> _Required work_: When you transcribe the listing that follows, keep every line exact and omit the pictures.
Segment Start: Dataset excerpt
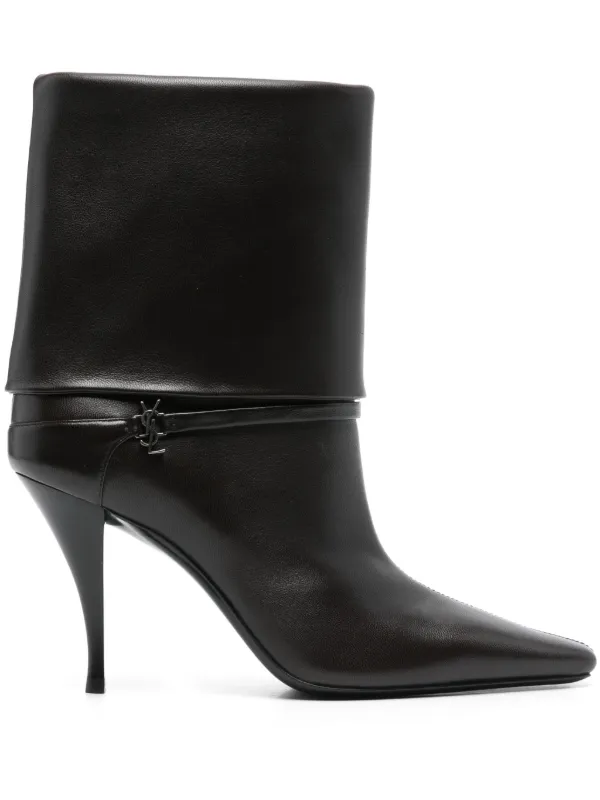Saint laurent niki boots sale hot sale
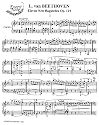 Beethoven 11 Bagatelles Op. 119 for Piano: Instantly download and print sheet music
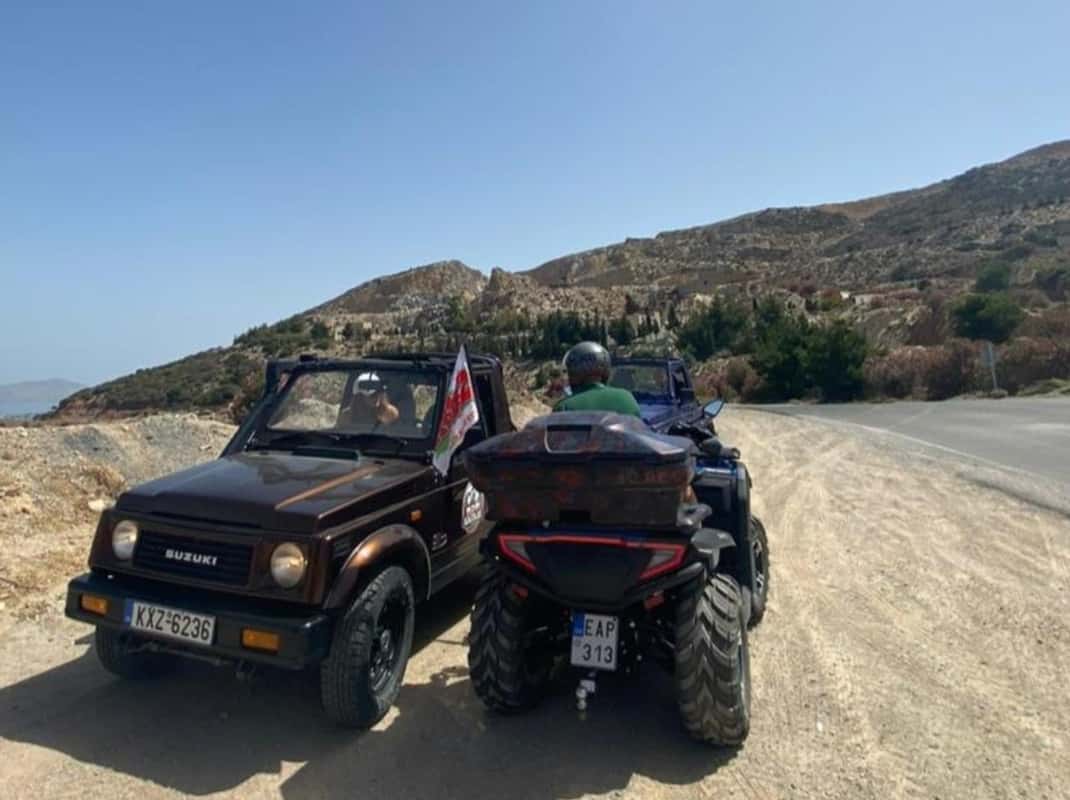Off-road avontuur Kos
Segment End: Dataset excerpt
> _Result of the task_:
Saint laurent niki boots sale hot sale
 Beethoven 11 Bagatelles Op. 119 for Piano: Instantly download and print sheet music
Off-road avontuur Kos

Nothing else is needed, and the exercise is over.